## Problem statement:
Could you set down exactly the lines in the records below between the line holding "Only thing better" and the line holding "Friends, today I", inclusive?

## Records provided:
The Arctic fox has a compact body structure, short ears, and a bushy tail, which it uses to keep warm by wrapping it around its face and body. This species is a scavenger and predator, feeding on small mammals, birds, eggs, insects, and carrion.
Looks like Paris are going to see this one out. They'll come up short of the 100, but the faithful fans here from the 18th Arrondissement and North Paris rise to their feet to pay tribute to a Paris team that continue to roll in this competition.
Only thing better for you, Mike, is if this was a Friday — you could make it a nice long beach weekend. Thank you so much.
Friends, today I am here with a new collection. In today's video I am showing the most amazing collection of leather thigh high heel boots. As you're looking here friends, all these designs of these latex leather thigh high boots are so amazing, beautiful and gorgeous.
==
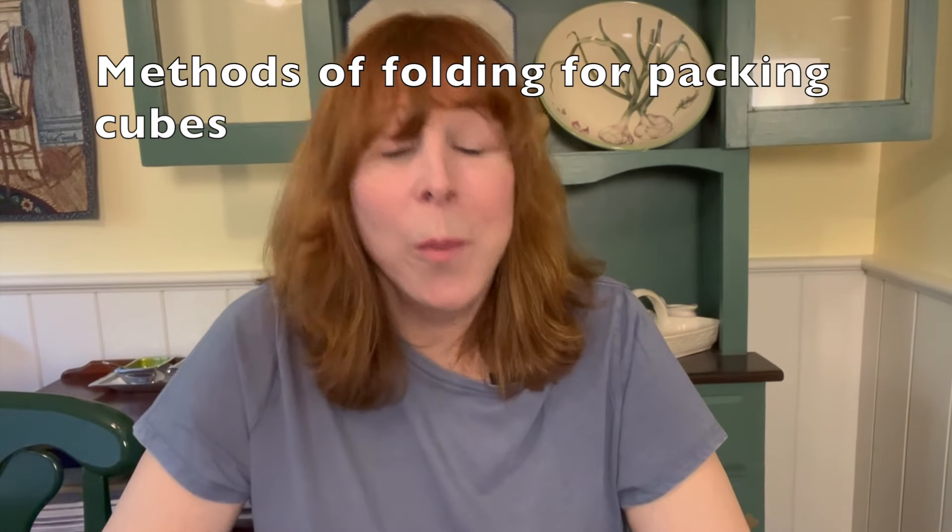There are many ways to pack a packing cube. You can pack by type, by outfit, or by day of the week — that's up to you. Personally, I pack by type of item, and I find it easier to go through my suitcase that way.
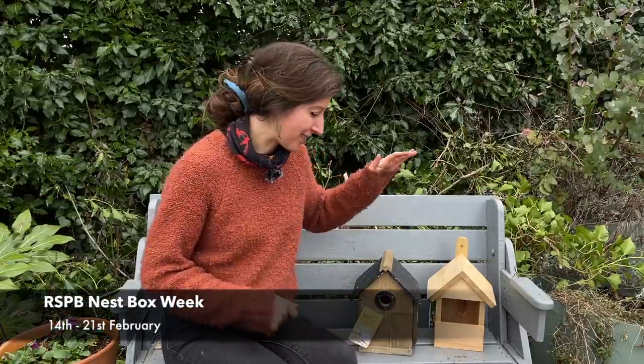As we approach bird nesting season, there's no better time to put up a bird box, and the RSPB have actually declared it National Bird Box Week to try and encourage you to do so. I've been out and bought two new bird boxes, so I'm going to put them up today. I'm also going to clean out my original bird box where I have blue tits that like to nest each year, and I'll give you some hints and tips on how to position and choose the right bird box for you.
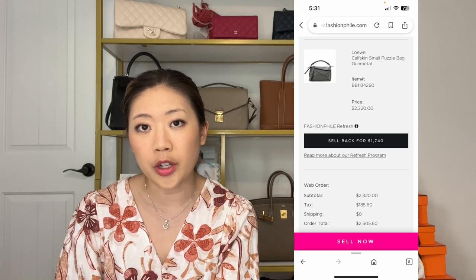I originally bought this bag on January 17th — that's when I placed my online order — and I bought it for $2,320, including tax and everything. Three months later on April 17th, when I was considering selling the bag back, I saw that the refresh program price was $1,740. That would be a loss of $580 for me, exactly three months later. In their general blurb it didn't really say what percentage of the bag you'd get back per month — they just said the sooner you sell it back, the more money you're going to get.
---
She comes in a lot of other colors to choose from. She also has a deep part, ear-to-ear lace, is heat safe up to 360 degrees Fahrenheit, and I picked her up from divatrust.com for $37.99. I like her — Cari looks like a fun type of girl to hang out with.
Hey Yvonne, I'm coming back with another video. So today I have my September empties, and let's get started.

## Answer to the problem:
Only thing better for you, Mike, is if this was a Friday — you could make it a nice long beach weekend. Thank you so much.
Friends, today I am here with a new collection. In today's video I am showing the most amazing collection of leather thigh high heel boots. As you're looking here friends, all these designs of these latex leather thigh high boots are so amazing, beautiful and gorgeous.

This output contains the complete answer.